ーー本作では黄金を巡って様々な闘争が描かれながらも、終始明るい雰囲気を感じさせます。

オーディアール:ポジティブな作品にしたいとは考えていたかもしれない。僕は映画館を出るときは、喜びを感じていたいんだ。運命論者的な暗い考えで映画館を出たくないんだよ(笑)。

ーー『ディーパンの闘い』で移民問題を扱ったように、常に映画の社会的意義を重視しているように感じます。ゴールドラッシュが巻き起こった1851年を舞台にした本作において、現代社会が反映された部分はありますか?

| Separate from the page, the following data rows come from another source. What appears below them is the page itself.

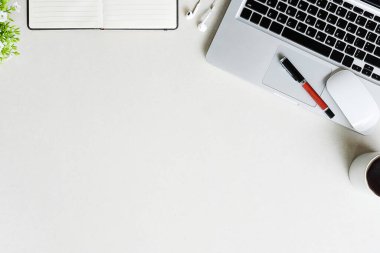 Not defteri, dizüstü bilgisayar ve kahve fincanı fare notlu üst görünüm ofis malzemeleri. Boş ekran cep telefonu ve beyaz masa çalışma alanı üzerindeki malzemeler ve kopyalama alanı..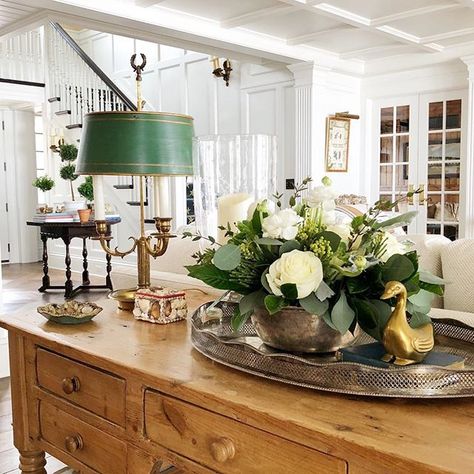 All my faves! ❤️ #consoletabledecor #consoletable Sweet Shady Lane, Remodel Checklist, Flowers And Greenery, Yellow Interior, French Home Decor, Southern Home, Cool Ideas, French House, A Living Room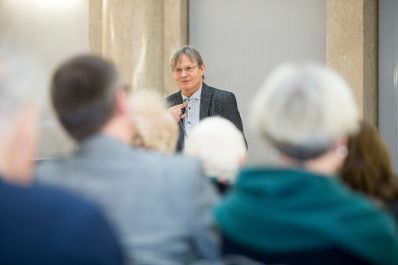 Am 5. Dezember 2017 &uuml;berreichte Sektionschef J&uuml;rgen Meindl das &Ouml;sterreichische Ehrenkreuz f&uuml;r Wissenschaft und Kunst I. Klasse an Ernst Kovacic (im Bild).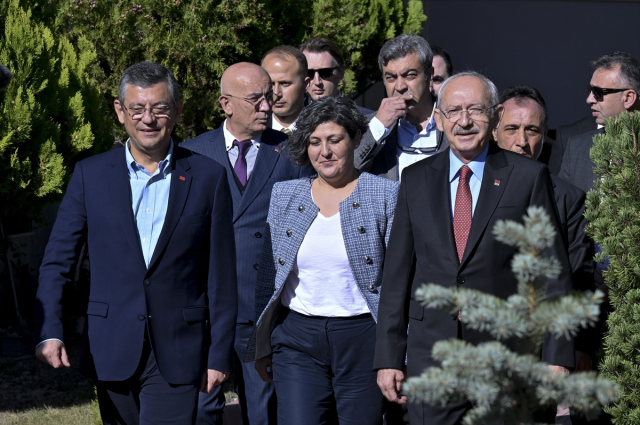 Kılıçdaroğlu'nu evinde ziyaret eden Özgür Özel'den ilk sözler: Gerçekten çok mahcup oldum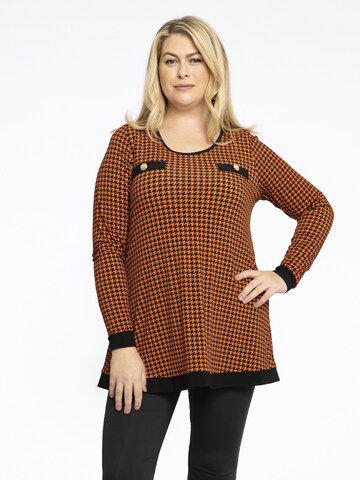 Yoek Tunic in Orange: front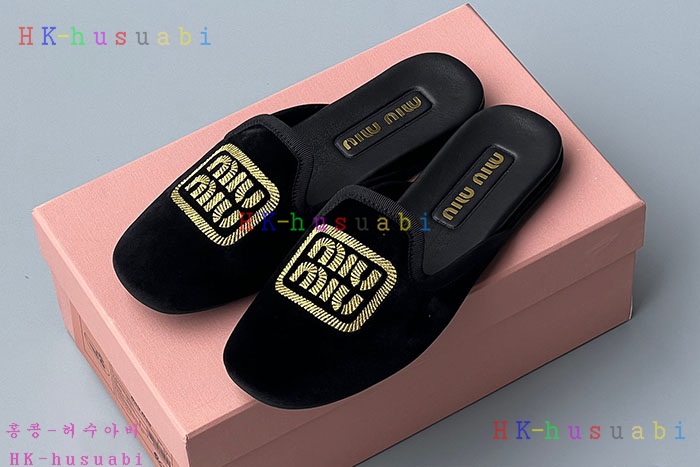 NEW 미우미우 신발 신상 MU 557013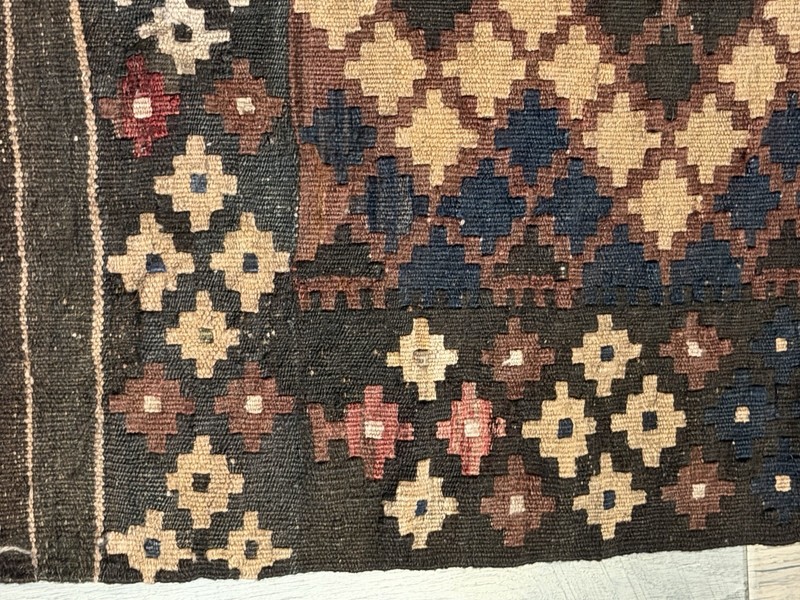 Rug 2 x 3 Rectangular area/ Browns Handmade in Mexico 100% wool. gallery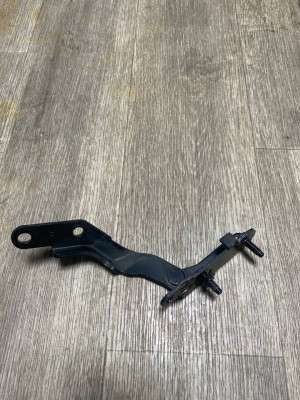 Петля кришкі (двері) багажника права Nissan Rogue 2014-2020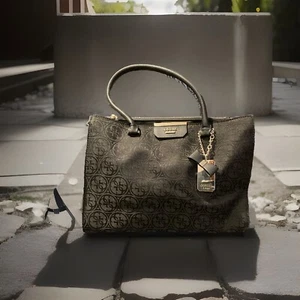 GUESS Ryann Black Large Satchel  Handbag JQ668323 - Picture 1 of 4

オーディアール:僕が映画の社会的意義を重視しているというのは、その通りだね。自分にとって身近なテーマじゃないと、僕は作品を作れない。作品がフィルム・ノワールだろうが西部劇だろうが、僕たちの現代社会を要約しているような映像を作ることが、映画の1つの機能・役割だと思っている。

 『ディーパンの闘い』と『ゴールデン・リバー』の共通点をあげるとしたら、どちらも民族の大移動が起こった時代を描いている。もちろん「移民」と言っても、一言では言えない複雑なものだけど、ゴールドラッシュは、アメリカ大陸最初の民族の大移動と言えると思う。アメリカ開拓民の村に行くと、スペイン語、アイルランド語、フランス語……本当にいろんな言語が話されている。いろいろな言語・民族が共存していたのが、ゴールドラッシュの時代だ。僕はその「共存」というテーマに強く惹かれたんだ。 

(取材・文=島田怜於)

■公開情報
『ゴールデン・リバー』
TOHOシネマズ シャンテほか全国公開中
監督:ジャック・オーディアール
原作:『シスターズ・ブラザーズ』パトリック・デウィット (創元推理文庫刊)
出演:ジョン・C・ライリー、ホアキン・フェニックス、ジェイク・ギレンホール、リズ・アーメッド
配給:ギャガ
(c)2018 Annapurna Productions, LLC. and Why Not Productions. All Rights Reserved.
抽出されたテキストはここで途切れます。